Last night in the Republican candidates’ debate Tom Tancredo said:
“My dear friend Ron here, I dearly love and really respect, but I’ll tell you: I just have to disagree with you, Ron, about the issue of whether … Israel existed or didn’t, whether or not we were in Iraq or not, they would be trying to kill us, because it is a dictate of their religion, at least a part of it. And we have to defend ourselves.”
It is a sign of the times that Jason Easley of 411mania.com (thanks to Kaosktrl), who reported these words, thinks they’re loony. Why? Well, just because. Easley classes Tancredo as among last night’s losers, and comments: “Tancredo got to say a lot more in this debate, and unfortunately for him, this wasn’t a good thing.

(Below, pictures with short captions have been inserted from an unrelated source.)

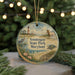 A round ornament with a lighthouse and a horse, surrounded by greenery and a beach scene, hangs in front of a Christmas tree with twinkling lights.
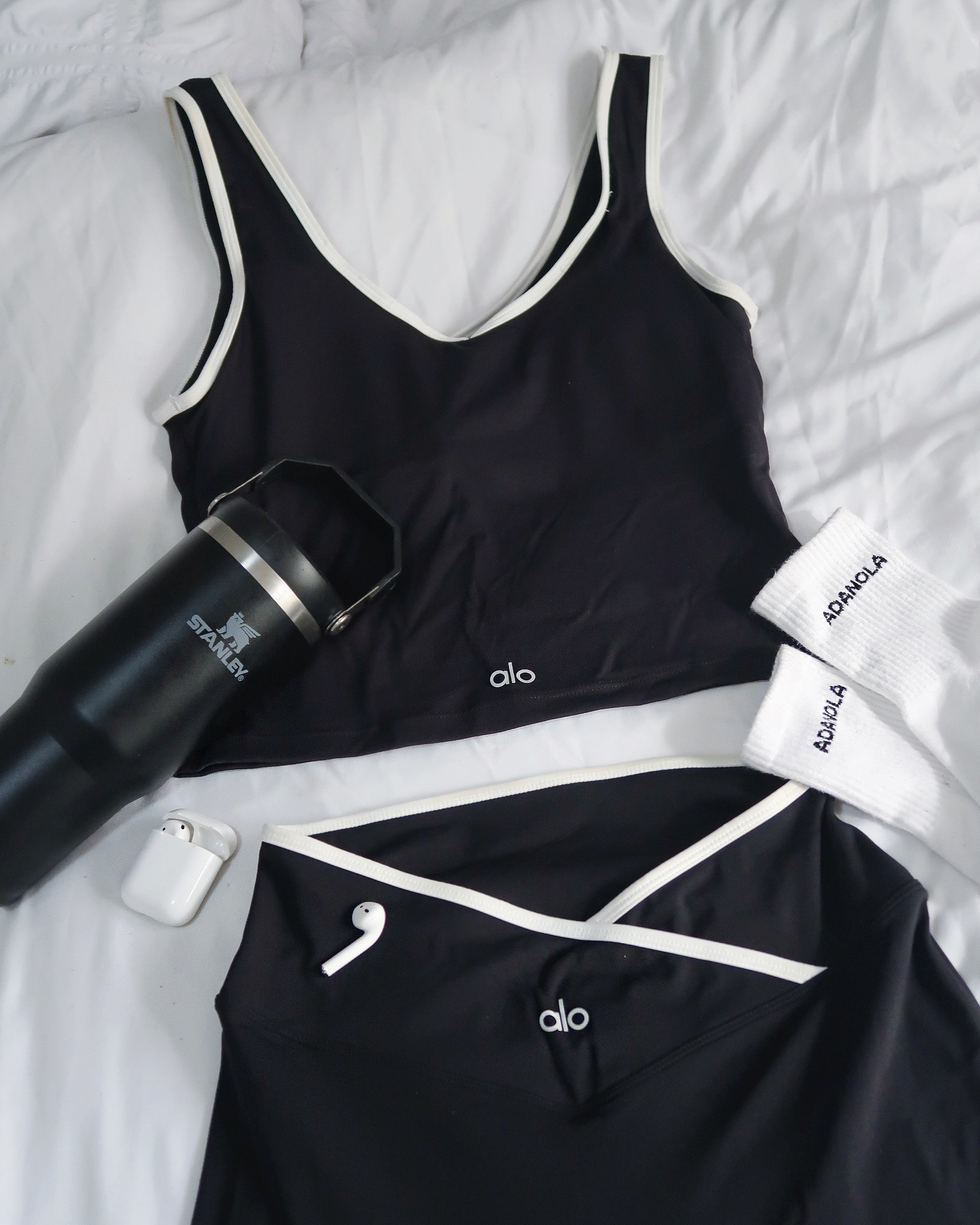 Alo Yoga flared leggings, Alo Yoga longline sports bra, Stanley tumbler, AirPods, Adanola socks, black activewear set, flared leggings outfit, off duty style, everyday uniform, WFH outfits 

#LTKuk #LTKspring #LTKfitness
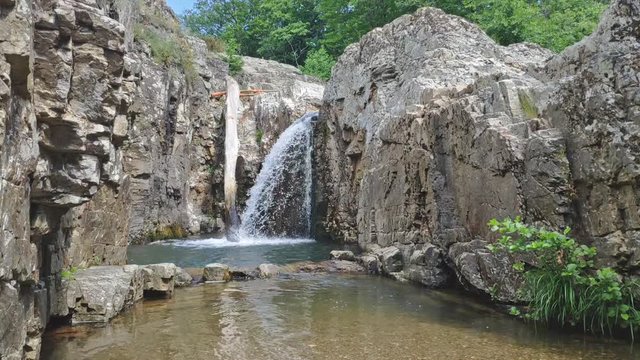 Amazing Cehennem waterfall falling, hitting surface
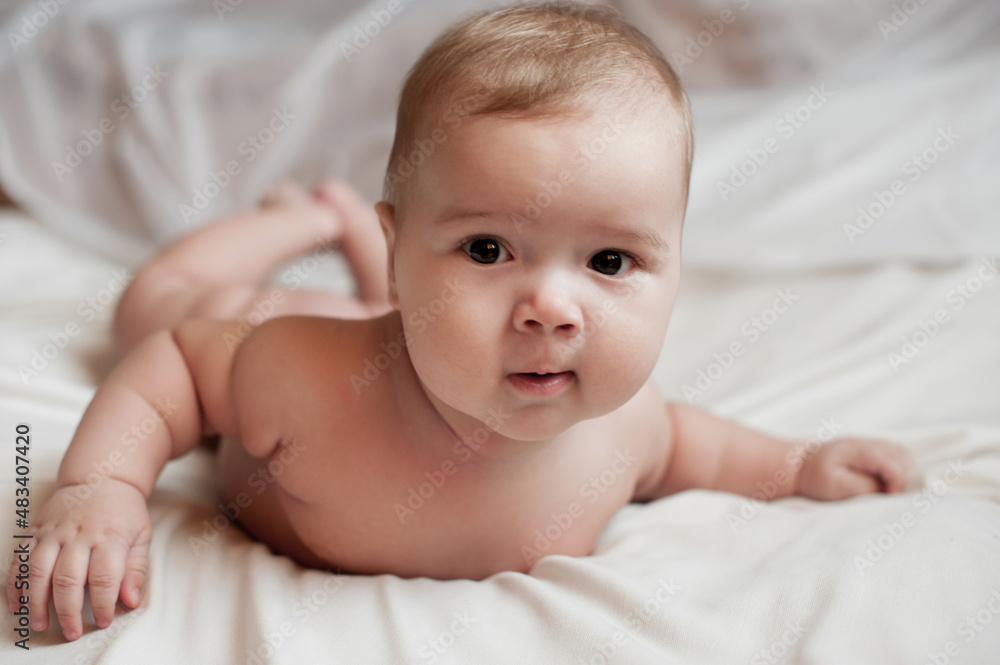 Soft picture of a beautiful baby boy 1-3 months laying on white bedding newborn photography Soft picture of a beautiful baby boy 1-3 months laying on white bedding newborn photography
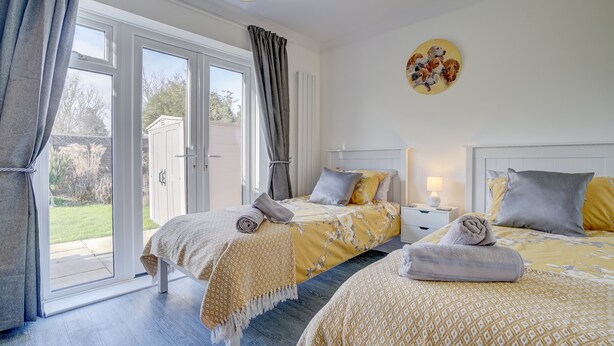 A bedroom with two beds, a sliding glass door, and a wall with a circular painting. - Swallowdale | East Ruston Cottages (Trunch)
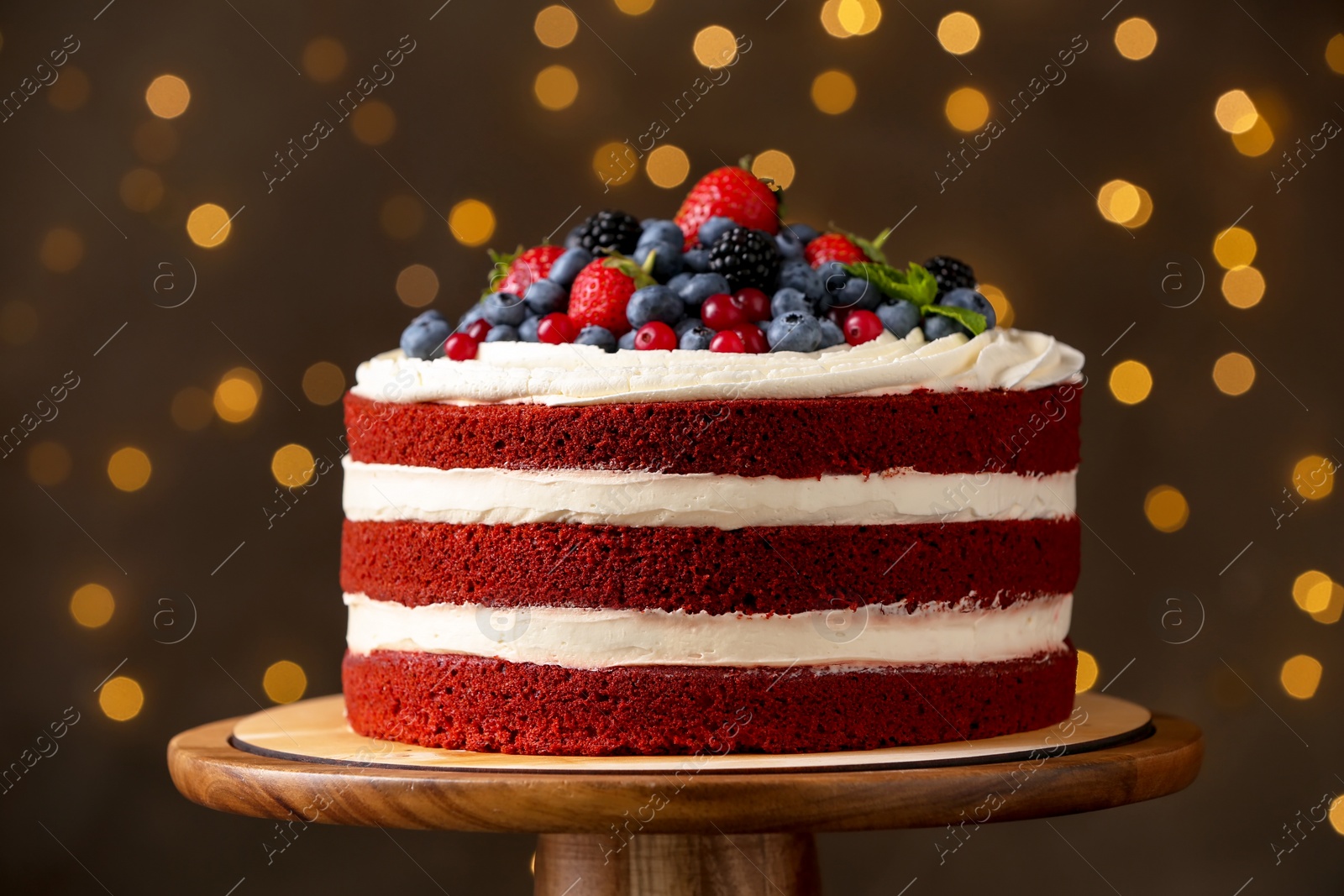 Photo of Delicious homemade red velvet cake against blurred lights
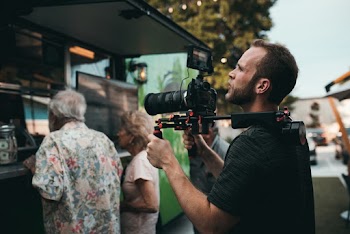 Man Holding Camera Outdoor Watching Above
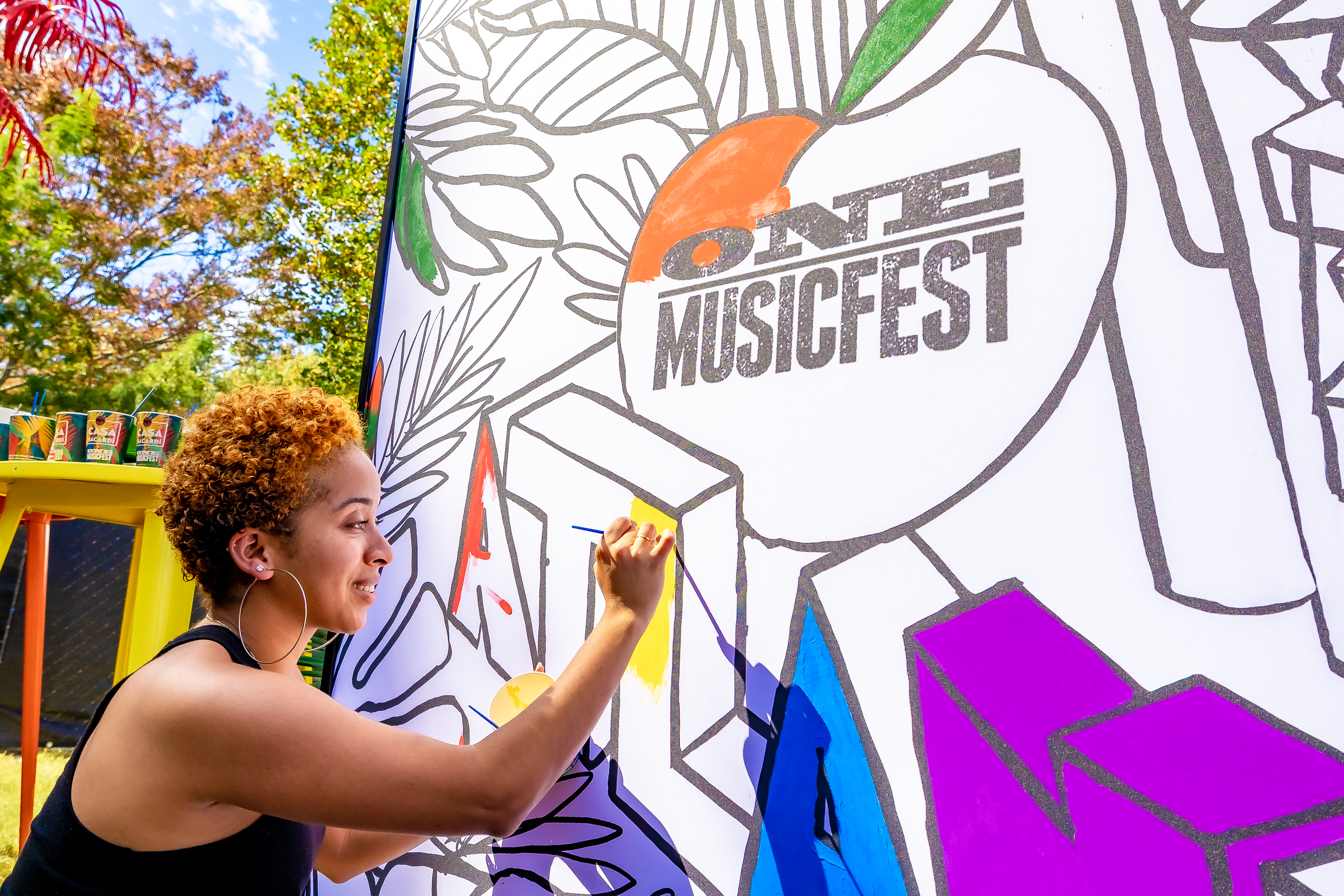 A person with curly hair painting a large mural with the text "One Musicfest" on a colorful background.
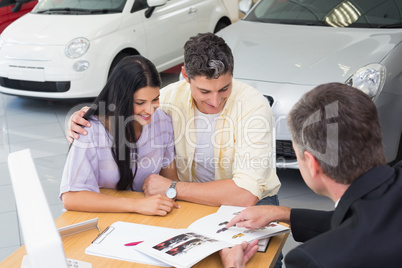 Salesperson pointing something on booklet
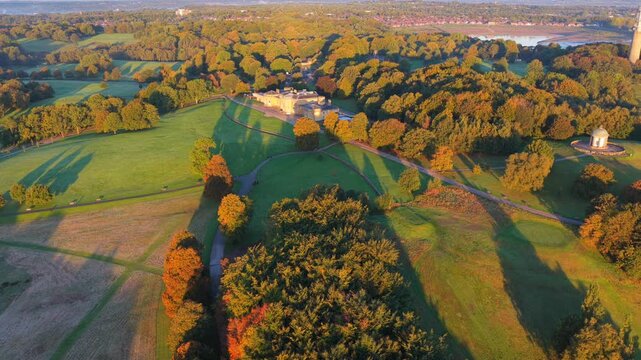 Sunrise aerial video of Heaton Park in Prestwich, Manchester with lush fields, trees, and the temple surrounded by morning light.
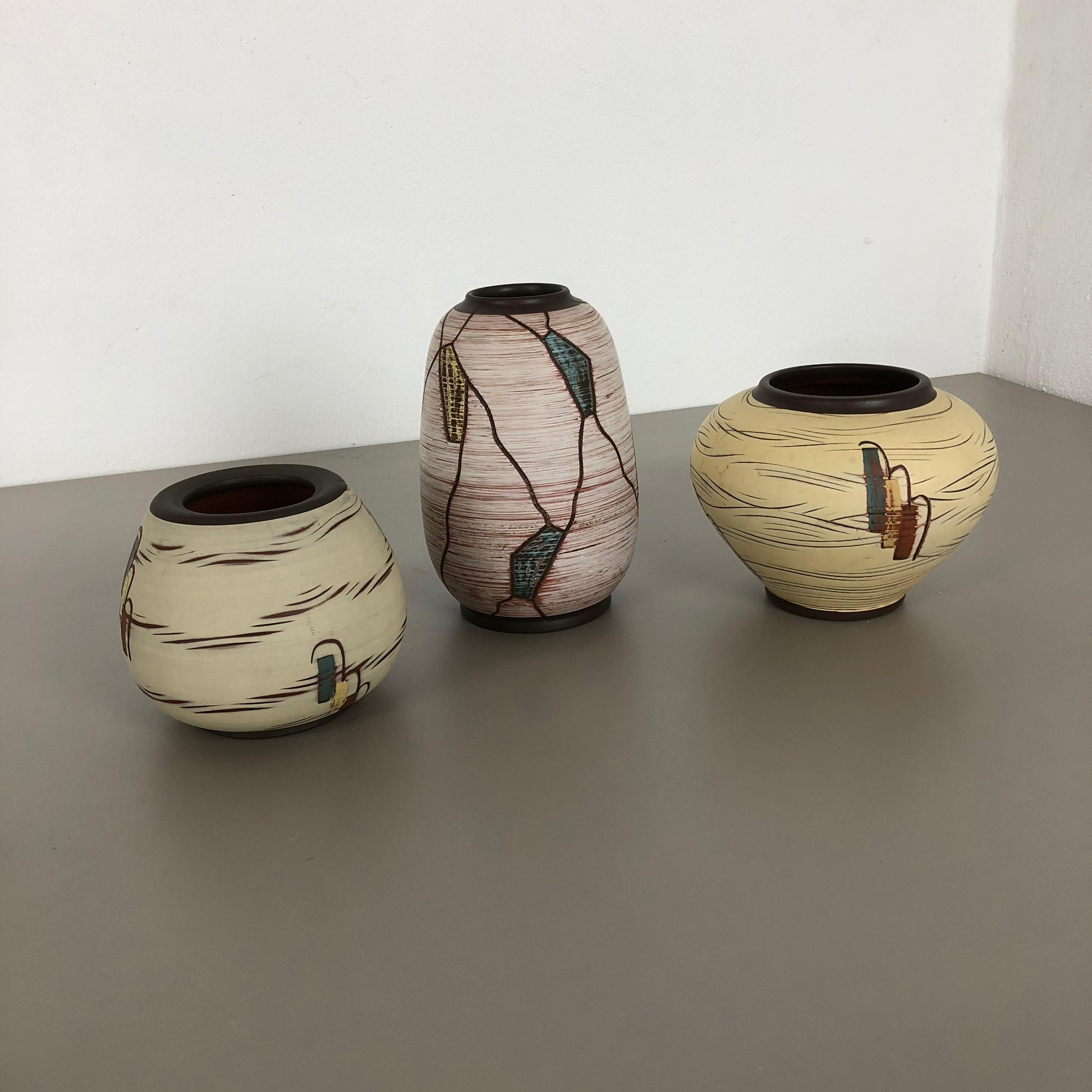 Article: 

Pottery ceramic vases set of 3


Producer: 

Sawa Ceramic, Germany


Design: 

Franz Schwaderlapp


Decade:

1960s


Description: 

Original vintage 1960s pottery ceramic vases set in Germany. High quality German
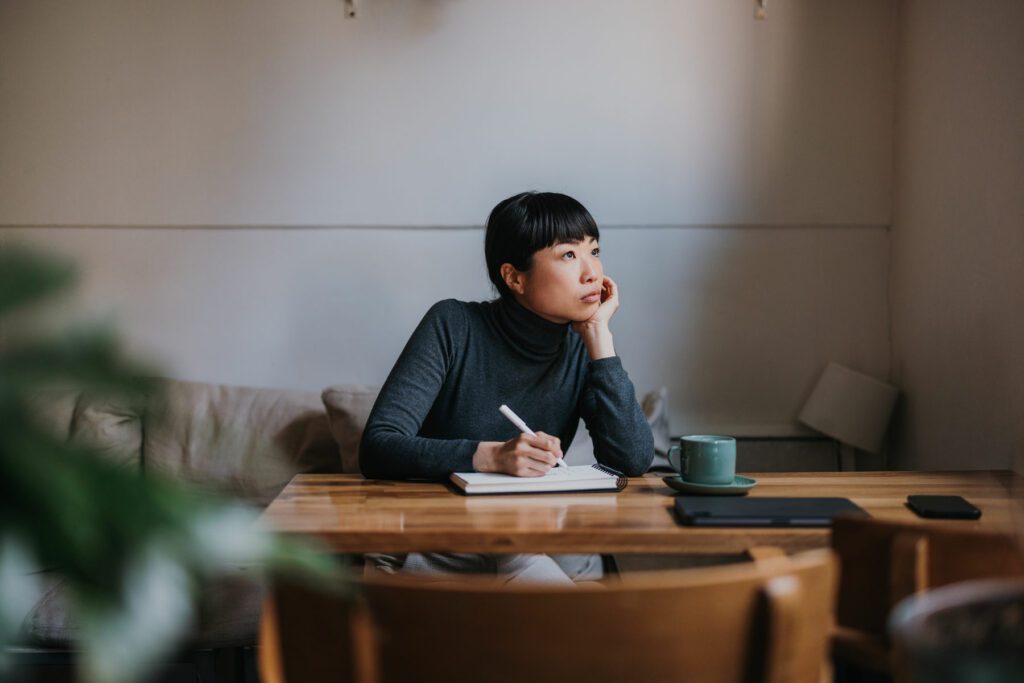 Women working from home looking out contemplatively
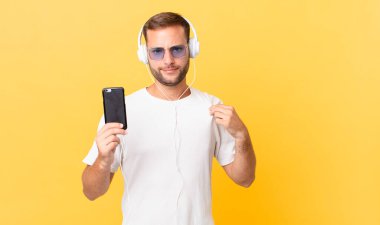 looking arrogant, successful, positive and proud, listening music with headphones and a smartphone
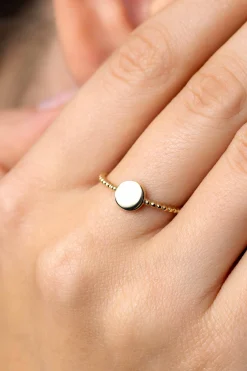 Best Zinzi Gold 14 krt gouden ring met bolletjes scheen en glanzend rond plaatje van 6,5mm ZGR399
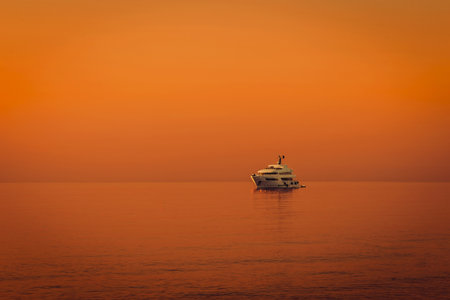 Luxury yacht floats on calm sea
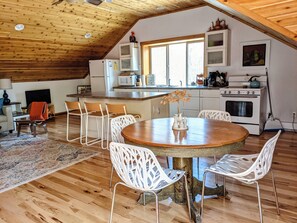A cozy kitchen with a wooden ceiling, white cabinets, and a dining area with a round table and white chairs.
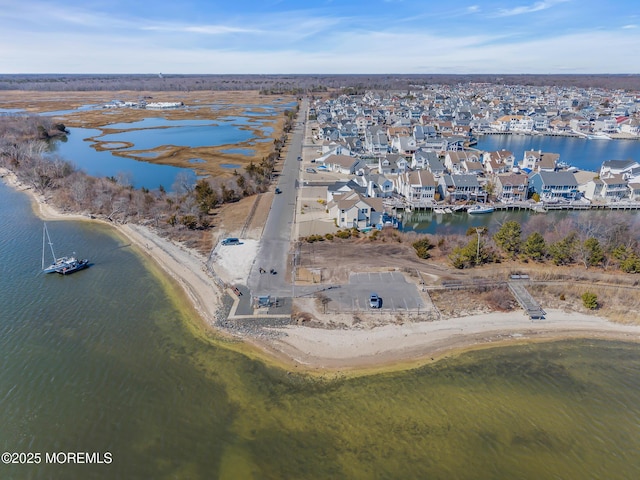 birds eye view of property with a residential view and a water view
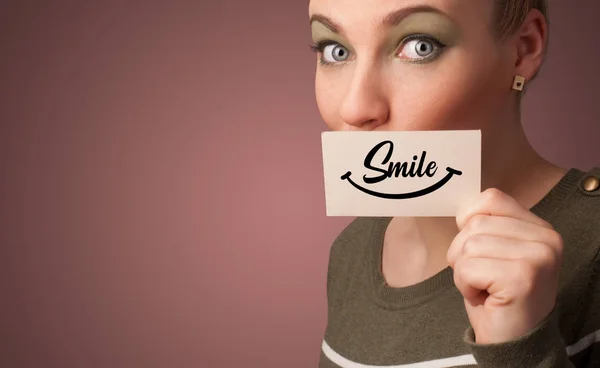 Person holding card with smile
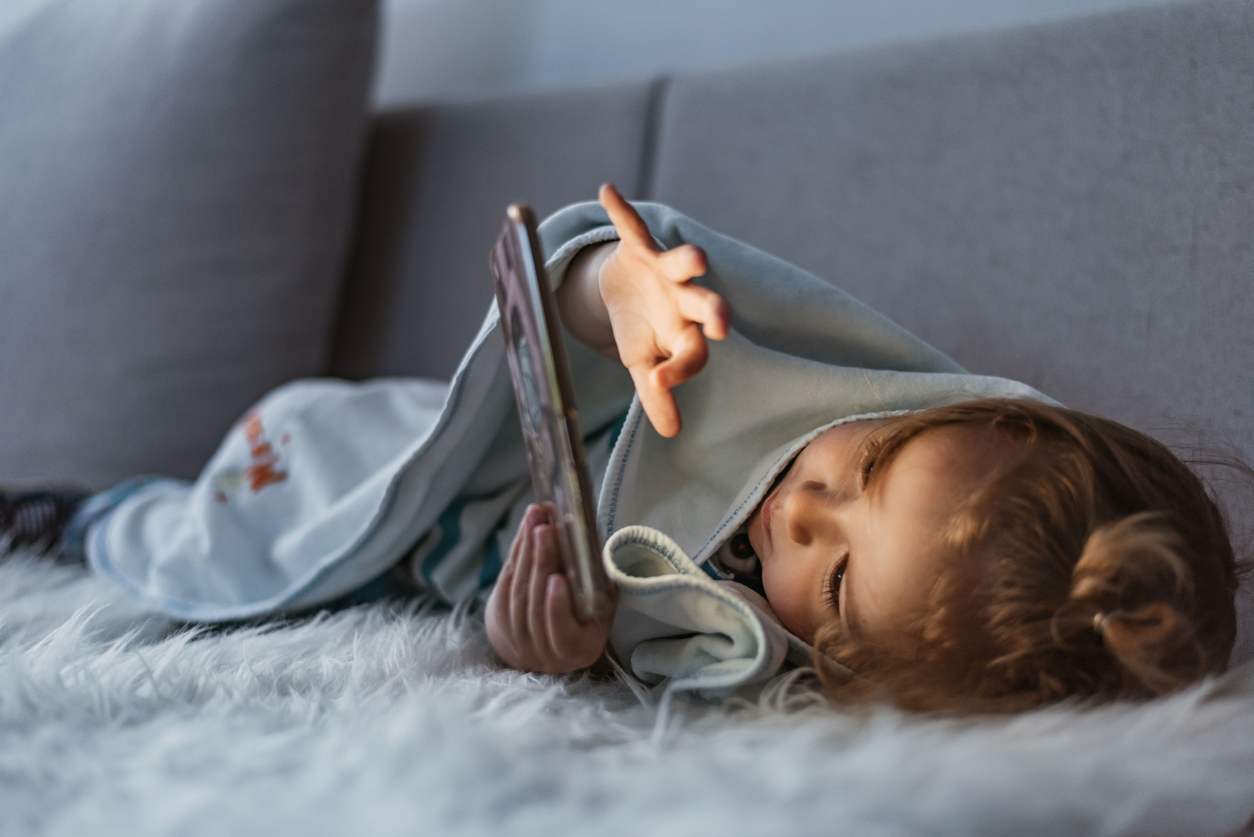 Close up of adorable kid laying down on the bed by holding a smartphone at night. Photo of Little kid in bed under a blanket looking at the smartphone at night. Happy smiling baby boy laying on his side on the bed under a blanket and plays on a smartphone in a game in the dark. The child's face is illuminated by a bright monitor.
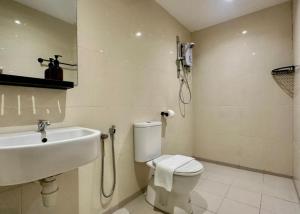 a bathroom with a sink and a toilet and a phone at Swing & Pillows - Chow Kit Road, Kuala Lumpur in Kuala Lumpur +31 photos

His idea that the Muslim faith is crazy and blood thirsty was the topper of a really poor night for him.”
Yeah, where did he get a crazy idea like that? Maybe from Qur’an 9:5 and 9:29? Maybe from teachings from all the schools of Islamic jurisprudence counseling warfare against unbelievers?
Naah. For Easley and multitudes like him, Osama bin Laden and other jihadists can quote the Qur’an and invoke Muhammad to justify violent acts until doomsday, or until the Mahdi returns, and they will never be willing to acknowledge that there may be something in those texts that deserves attention if we are ever going to see a cessation of that violence. The facts of the case are just too disturbing, too hard to believe. It’s easier to assume that when people like Tancredo intrude a bit of reality into the polite fictions that dominate the public discourse about Islamic jihad, that they’re just going off half-cocked, committing a “gaffe.”
Unfortunately, the evidence that Easley would prefer to ignore just keeps piling up no matter what.